Numerosi studi sul cinema muto hanno segnalato la centralità delle pratiche compilative in ambito sia internazionale (Altman, 2001; Brown – Davison, 2013; Goldmark, 2013; Marks, 1997; Spring, 2013) sia italiano (Facci – Mosconi, 2016; Sala, 2014; 2017; Targa, 2009). Per ciò che concerne il cinema sonoro, alla fioritura di studi che riqualificano la compilation soundtrack in area angloamericana (Ashby, 2013; Davison, 2004; Denisoff, 1998; Dickinson, 2001; Dyer, 2012; Hubbert, 2003; 2013; James, 2016; Joe, 2016; Kalinak, 1992; 2010; Rodman, 2006; Smith, 2013; Tompkins, 2009) ha corrisposto in Italia un interesse più frammentario, ma comunque in netta crescita, che presuppone la nozione di compilation soundtrack, più che interpellarla direttamente: accanto all’esame di pratiche compilative nel cinema d’autore, in Fellini (Sala, 2010; 2018), Pasolini (Calabretto, 1999), Visconti (Calabretto, 2001) o Moretti (Cecchi, 2018), l’attenzione si è recentemente spostata su approcci rivolti trasversalmente a generi musicali, come la canzone (Buzzi, 2013; Dyer, 2013; Mosconi, 2017) e l’opera nel cinema italiano (Giuggioli, 2015), o cinematografici, come il film-canzone (Di Chiara, 2014), il cinema neorealista (Pitassio, 2014), il melodramma (Bayman, 2013; Romani, 2015), il musicarello (Arcagni, 2006; Bisoni, 2005; Bratus, 2015; Gianneri, 2011) e il cinepanettone (O’Leary, 2013).

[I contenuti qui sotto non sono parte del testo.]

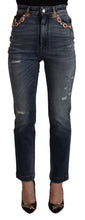 Load image into Gallery viewer, Dolce & Gabbana Blue Denim Crystal Embellished Pants Jeans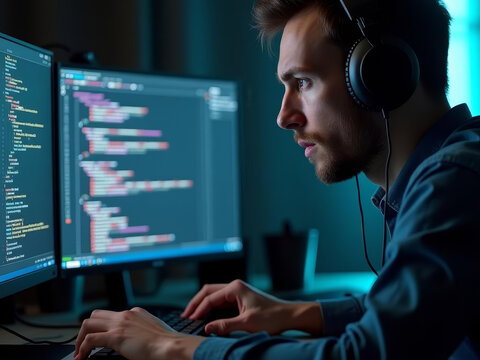 D&eacute;veloppeur concentr&eacute; codant dans un environnement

Ferme restando le differenze di statuto tra compilation score del periodo del muto e compilation soundtrack del periodo del sonoro (una cosa è ricomporre/riarrangiare brani musicali in un discorso continuo, altra cosa è assemblare tracce preregistrate in un dosaggio musicale vario e discontinuo), non è difficile individuare elementi di analogia e fenomeni intermedi. Nel cinema sonoro italiano, per esempio, sono molti i casi di compositori interpellati anche come consulenti musicali e riarrangiatori di musica non originale. È dunque almeno in parte possibile ricomprendere nell’idea di compilazione anche quella di composizione; entrambe, peraltro, sono state trasformate dal contatto con le componenti tecnologiche, produttive e pragmatiche del medium cinematografico al punto da risultare talora difficilmente distinguibili (si pensi a come le pratiche di sound design, collage, montaggio sonoro, sampling o DJing mettano in crisi le rigide distinzioni tra le due nozioni). D’altra parte, nello studio della musica per film la compilazione può essere posta in rapporto dialettico (ma non ideologicamente subordinato) con la composizione originale, che ha tradizionalmente recitato «la parte del leone» (Hubbert, 2013: 291) negli approcci storiografici anche in Italia. Composizione di musica originale e compilazione di musica pre-esistente possono infine dar luogo a rispettivi processi di identificazione nel pubblico, seguendo la distinzione tra assimilating e affiliating identifications proposta da Kassabian (2001).

L’ipotesi di un’applicazione della categoria di compilation soundtrack al contesto italiano solleva questioni che investono tra le altre cose la periodizzazione, gli intrecci economico-produttivi, crosspromozionali e fruitivi delle industrie cinematografica, discografica e radiotelevisiva, ma anche le peculiari forme che le nozioni di “autore” e di “pubblico” hanno rivestito nel panorama culturale italiano.

Le proposte (max 300 parole, in italiano o in inglese, corredate da una bibliografia essenziale) dovranno essere inviate entro il 15/08/2019 al seguente indirizzo di posta elettronica: maurizio.corbella@unimi.it (oggetto: CFP Schermi 4/7 2020). L’esito della selezione sarà comunicato entro il 31/08/2019, e i saggi completi – compresi tra le 30.000 e le 35.000 battute (spazi e note incluse, bibliografia esclusa), accompagnati da un abstract di 100 parole (in inglese) e da 5 parole chiave (sempre in inglese) – dovranno essere inviati entro il 15/11/2019 e saranno sottoposti a una doppia revisione.